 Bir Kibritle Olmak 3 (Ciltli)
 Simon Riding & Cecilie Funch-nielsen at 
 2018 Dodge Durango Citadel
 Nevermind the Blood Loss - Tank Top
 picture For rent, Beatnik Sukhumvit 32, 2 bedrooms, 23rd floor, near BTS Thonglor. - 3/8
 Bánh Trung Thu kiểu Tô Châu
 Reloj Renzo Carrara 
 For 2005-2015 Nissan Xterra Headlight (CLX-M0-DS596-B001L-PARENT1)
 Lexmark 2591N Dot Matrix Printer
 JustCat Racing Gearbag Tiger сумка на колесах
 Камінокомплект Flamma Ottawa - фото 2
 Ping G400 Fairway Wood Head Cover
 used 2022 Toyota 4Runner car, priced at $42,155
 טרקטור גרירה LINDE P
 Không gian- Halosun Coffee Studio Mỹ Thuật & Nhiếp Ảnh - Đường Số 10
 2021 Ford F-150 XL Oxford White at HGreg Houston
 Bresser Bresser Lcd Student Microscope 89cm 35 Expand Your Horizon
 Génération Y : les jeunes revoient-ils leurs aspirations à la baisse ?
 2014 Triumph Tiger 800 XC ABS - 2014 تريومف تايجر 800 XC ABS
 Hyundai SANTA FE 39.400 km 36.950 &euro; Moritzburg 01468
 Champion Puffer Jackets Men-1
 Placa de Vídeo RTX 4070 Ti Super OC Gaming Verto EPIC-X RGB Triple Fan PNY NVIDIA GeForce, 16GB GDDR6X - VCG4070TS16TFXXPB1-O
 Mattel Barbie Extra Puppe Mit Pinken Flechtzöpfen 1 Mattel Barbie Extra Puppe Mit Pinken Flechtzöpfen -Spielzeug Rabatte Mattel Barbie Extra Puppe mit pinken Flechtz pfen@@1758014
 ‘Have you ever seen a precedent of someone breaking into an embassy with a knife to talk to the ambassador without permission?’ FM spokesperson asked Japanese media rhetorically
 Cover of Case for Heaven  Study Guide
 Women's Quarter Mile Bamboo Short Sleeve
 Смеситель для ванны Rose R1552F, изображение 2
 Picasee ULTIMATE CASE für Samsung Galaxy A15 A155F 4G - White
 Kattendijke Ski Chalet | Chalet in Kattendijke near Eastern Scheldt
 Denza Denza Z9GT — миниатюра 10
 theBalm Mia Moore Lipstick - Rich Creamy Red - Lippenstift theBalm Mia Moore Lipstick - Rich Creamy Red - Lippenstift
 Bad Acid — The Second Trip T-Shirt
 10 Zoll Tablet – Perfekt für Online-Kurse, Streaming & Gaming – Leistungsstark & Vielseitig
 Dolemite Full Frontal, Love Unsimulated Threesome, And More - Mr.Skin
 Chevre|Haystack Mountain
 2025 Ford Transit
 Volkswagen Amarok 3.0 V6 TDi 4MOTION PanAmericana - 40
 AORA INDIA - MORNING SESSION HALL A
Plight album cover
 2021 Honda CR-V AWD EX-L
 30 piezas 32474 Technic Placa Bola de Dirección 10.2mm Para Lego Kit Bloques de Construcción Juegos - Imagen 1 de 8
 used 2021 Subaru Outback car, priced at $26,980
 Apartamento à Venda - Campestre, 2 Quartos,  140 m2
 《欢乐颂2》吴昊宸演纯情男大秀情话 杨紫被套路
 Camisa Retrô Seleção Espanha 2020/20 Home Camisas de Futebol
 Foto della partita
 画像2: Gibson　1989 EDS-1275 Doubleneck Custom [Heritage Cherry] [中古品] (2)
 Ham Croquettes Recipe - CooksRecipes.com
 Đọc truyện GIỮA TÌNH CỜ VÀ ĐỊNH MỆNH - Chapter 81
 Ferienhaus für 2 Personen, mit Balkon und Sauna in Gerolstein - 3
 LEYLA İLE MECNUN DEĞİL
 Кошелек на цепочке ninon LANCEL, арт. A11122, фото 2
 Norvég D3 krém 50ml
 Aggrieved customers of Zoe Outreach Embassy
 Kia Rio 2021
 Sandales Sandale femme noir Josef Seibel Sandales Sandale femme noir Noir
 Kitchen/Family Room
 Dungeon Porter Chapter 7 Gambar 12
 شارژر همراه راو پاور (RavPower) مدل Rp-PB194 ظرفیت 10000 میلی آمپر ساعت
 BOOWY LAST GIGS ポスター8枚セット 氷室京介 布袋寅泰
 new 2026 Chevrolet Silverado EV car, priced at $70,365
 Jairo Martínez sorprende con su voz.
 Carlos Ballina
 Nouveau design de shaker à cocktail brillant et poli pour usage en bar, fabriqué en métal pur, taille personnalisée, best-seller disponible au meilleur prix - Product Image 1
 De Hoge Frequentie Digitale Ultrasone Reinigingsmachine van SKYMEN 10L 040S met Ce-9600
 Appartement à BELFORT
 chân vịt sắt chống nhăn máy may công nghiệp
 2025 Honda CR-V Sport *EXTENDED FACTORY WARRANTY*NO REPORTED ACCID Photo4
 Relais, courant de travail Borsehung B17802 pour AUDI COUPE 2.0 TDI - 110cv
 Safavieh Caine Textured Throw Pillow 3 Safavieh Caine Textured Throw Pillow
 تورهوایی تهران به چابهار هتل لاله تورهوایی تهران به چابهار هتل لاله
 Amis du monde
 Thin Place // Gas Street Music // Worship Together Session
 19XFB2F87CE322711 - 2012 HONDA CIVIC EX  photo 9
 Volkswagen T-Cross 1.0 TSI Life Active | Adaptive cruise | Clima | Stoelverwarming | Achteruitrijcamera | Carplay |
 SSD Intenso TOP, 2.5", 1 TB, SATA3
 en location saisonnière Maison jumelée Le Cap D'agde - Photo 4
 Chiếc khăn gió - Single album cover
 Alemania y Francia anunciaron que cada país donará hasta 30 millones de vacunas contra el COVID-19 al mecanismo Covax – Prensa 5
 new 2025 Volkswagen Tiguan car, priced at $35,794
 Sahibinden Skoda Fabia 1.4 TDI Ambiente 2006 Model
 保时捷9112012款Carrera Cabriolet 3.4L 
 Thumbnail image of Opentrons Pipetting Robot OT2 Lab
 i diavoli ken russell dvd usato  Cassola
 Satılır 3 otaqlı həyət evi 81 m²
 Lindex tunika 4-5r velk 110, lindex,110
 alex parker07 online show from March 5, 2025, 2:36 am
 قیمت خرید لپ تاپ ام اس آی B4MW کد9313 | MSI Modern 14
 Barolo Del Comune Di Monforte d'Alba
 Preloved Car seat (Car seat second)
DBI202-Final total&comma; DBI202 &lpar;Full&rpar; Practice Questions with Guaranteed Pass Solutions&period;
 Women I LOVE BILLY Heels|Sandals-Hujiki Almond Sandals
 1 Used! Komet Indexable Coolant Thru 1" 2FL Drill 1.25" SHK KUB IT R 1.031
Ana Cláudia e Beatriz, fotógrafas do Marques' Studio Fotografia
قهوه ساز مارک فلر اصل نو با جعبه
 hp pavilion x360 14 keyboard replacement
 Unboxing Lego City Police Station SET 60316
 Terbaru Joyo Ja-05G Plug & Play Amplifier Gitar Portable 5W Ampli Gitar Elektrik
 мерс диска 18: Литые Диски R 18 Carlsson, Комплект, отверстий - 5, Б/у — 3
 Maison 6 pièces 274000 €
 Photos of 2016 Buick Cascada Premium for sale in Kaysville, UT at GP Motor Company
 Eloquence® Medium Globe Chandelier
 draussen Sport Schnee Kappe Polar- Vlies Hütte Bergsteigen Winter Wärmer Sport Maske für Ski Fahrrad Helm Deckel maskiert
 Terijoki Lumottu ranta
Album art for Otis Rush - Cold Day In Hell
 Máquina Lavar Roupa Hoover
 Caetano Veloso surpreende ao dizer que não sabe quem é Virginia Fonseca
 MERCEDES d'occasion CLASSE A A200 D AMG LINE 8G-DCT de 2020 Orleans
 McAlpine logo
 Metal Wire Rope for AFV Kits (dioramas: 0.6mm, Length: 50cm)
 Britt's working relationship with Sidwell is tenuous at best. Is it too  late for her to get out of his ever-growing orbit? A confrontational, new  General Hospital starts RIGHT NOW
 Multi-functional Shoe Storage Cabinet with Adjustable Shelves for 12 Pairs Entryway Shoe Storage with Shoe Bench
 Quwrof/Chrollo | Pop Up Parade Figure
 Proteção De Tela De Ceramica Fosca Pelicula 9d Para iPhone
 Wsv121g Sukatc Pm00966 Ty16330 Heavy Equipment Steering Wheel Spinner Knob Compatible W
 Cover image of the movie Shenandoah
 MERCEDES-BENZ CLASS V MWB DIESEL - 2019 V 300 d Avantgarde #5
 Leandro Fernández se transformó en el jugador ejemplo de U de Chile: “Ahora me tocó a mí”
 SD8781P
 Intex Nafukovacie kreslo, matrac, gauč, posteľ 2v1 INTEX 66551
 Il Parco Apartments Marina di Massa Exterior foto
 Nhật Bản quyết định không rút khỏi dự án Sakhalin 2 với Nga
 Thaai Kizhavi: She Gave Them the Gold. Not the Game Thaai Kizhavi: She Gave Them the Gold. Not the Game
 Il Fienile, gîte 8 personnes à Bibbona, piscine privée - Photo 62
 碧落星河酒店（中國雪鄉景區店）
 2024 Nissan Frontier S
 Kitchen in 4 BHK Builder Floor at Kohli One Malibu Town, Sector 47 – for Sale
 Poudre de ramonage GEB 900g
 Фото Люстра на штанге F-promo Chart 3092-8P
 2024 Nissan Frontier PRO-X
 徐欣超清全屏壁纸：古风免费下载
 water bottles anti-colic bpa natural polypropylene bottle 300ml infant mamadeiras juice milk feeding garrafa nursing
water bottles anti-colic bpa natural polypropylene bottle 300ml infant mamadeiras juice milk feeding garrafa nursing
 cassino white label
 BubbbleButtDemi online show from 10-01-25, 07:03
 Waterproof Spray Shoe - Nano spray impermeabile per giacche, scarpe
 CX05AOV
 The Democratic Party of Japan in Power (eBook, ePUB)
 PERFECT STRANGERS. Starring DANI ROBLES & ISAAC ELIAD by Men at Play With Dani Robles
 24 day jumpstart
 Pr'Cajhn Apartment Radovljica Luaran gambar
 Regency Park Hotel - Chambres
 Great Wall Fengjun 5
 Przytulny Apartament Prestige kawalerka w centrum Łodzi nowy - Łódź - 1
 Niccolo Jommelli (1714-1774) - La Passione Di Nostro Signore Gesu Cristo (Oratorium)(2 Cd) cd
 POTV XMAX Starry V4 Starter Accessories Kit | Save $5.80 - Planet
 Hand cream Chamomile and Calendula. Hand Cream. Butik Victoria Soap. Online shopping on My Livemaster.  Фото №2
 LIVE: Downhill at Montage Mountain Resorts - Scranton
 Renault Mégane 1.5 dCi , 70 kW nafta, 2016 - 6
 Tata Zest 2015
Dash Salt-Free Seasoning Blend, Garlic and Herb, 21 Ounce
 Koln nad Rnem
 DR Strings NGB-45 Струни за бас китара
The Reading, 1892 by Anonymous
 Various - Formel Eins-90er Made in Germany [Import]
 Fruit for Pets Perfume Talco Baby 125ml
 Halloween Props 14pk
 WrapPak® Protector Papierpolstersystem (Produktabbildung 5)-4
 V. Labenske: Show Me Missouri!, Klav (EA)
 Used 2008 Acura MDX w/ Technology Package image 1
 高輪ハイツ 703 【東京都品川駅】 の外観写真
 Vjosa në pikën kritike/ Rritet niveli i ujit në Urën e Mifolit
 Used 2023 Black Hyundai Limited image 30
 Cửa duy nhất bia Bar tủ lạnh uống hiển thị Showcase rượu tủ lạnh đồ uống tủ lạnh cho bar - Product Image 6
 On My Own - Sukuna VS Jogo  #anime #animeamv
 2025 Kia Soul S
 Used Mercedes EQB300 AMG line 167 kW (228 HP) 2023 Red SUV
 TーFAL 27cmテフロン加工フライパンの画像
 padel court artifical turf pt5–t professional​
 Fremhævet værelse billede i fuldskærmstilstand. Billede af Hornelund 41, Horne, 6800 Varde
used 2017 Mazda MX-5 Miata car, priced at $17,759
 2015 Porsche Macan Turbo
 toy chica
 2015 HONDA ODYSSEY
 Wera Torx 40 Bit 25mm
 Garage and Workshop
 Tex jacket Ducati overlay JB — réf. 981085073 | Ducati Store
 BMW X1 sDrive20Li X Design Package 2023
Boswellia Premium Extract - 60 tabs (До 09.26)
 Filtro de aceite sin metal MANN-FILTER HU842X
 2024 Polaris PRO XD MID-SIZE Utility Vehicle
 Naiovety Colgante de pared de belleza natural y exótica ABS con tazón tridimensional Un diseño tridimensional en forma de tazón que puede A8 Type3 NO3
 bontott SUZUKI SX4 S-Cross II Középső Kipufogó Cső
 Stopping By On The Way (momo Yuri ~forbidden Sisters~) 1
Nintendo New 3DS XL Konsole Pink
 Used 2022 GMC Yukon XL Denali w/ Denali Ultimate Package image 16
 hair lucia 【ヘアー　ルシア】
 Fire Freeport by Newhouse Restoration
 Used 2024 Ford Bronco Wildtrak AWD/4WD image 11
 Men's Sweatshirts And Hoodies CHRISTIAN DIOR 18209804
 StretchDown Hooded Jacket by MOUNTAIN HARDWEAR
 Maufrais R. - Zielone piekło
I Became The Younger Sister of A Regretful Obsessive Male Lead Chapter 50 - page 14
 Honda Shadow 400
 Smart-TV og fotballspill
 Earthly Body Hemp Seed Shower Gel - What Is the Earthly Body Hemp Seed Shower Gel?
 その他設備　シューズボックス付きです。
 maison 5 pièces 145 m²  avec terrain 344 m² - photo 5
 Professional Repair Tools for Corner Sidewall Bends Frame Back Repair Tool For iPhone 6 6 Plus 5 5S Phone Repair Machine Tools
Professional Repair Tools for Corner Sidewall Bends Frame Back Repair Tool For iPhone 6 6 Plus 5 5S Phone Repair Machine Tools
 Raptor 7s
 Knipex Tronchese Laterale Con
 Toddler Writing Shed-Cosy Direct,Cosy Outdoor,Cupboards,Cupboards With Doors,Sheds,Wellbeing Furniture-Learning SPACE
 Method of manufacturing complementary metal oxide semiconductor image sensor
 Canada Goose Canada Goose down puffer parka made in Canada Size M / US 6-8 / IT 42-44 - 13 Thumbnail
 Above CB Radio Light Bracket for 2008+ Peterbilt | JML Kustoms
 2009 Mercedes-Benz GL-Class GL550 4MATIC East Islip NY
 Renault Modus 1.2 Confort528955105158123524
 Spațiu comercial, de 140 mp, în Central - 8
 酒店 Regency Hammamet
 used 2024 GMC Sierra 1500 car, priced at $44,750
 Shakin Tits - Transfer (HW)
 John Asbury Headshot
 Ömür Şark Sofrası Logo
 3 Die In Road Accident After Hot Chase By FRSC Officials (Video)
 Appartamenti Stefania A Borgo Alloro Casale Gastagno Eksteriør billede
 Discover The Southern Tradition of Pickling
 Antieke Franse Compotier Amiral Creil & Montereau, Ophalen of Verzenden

Problem description: Line count for the word "garrafa": give the number of lines in the entries above that contain it, and nothing more.

Output of the task: 2